LES CAVALIERS
« Les cavaliers » de Kessel a d'abord été pour moi un de mes plus fabuleux voyages en littérature, un roman épique et foisonnant qui emporte le lecteur, envoûté par des personnages fiers, tout pétris de convictions et d'un sens de l'honneur exacerbé, des paysages âpres et fantastiques, un souffle épique animé des coutumes, traditions et légendes afghanes.
Comment rendre une telle épopée pleine de bruit et de fureur, de prodigieuses chevauchées, de combats héroïques, sur un simple plateau ? N'allais-je point être déçue ?
Et voilà que je ressors de la salle tout aussi bouleversée que je l'avais été par le roman, émerveillée de voir ce que peut donner le mariage de la magie du théâtre avec la magie de l'Orient.
Pas grand-chose sur le plateau. Et pourtant !

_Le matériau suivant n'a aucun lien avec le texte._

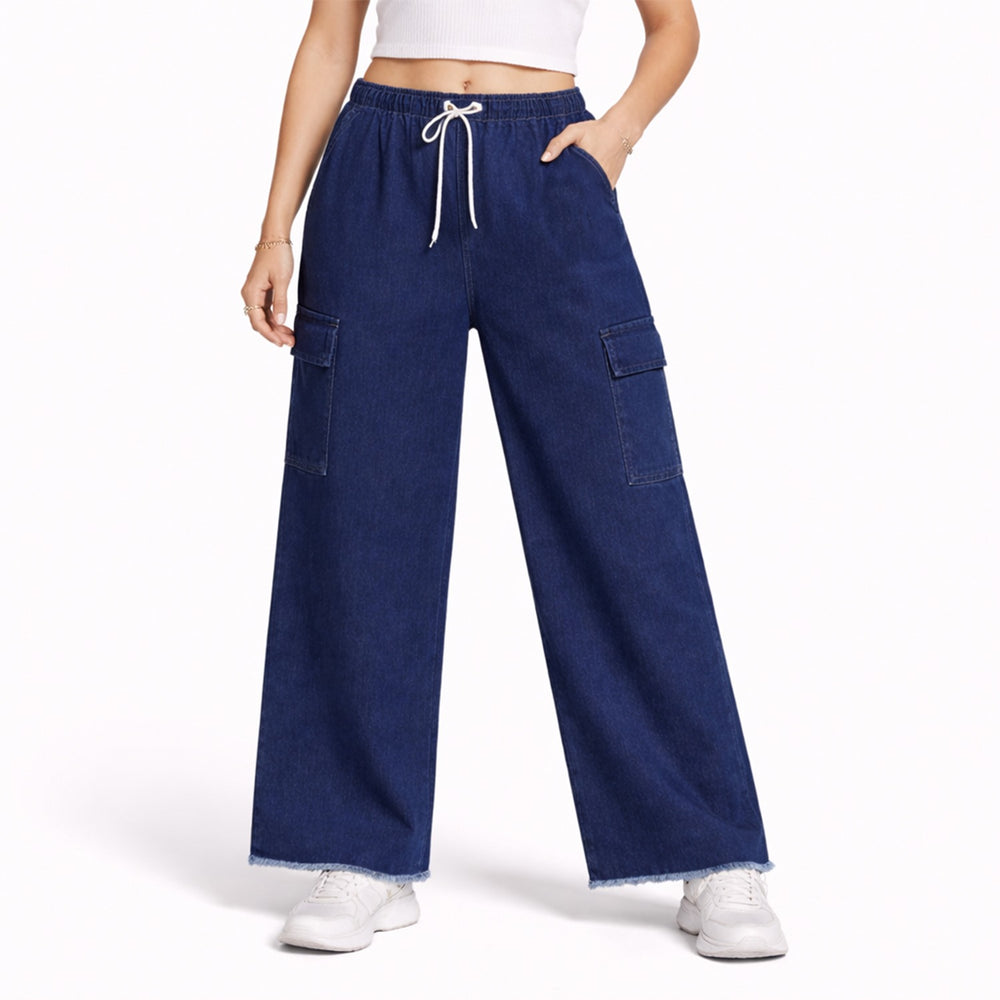 Girls Wide-Leg Denim Cargo Jeans – Elastic Waist Casual Fit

Quel voyage nous est offert là !
Pas de chevaux sur la scène et pourtant, on y croit, on le voit le magnifique Jehol semblant voler dans les airs, on les voit ces fabuleuses chevauchées.
Pas de grandes steppes arides, pas de villages, pas de forêts, pas de tentes, pas de hauts sommets et pourtant on les voit, on y croit.
On les voit la lutte violente et virtuose des bouzkachis, le marché multicolore, les chevaux qui ruent sous les coups de cravache. Rien n'est là et pourtant tout est là et c'est fantastique.
Quatre artistes sur la scène et ils sont tous là :
Ouroz et sa longue marche au bout de l'enfer, à la découverte de lui-même... Son père, le fier Toursène, tchopendoz toujours victorieux... Mokkhi, le bon sais, qui sera perverti... Zéré la prostituée, et aussi « l'aïeul de tout le monde », et le jeune bacha de Toursène, et Maksoud.
Ils sont là grâce à Grégori Baquet, Maïa Guéritte, Khalid K qui par ses bruitages et le travail sur les sons devient personnage à part entière, et Éric Bouvon qui signe également la mise en scène, un magicien inspiré, un véritable aventurier car seul un aventurier pouvait réaliser aussi parfaitement cet impossible challenge.
Premier spectacle du festival 2014, premier coup de cœur avec dans les yeux tant d'images incroyables, les courses de chevaux, le Bouzkachi, l'attaque des chiens.
Et toute la dimension humaine et philosophique de l'œuvre.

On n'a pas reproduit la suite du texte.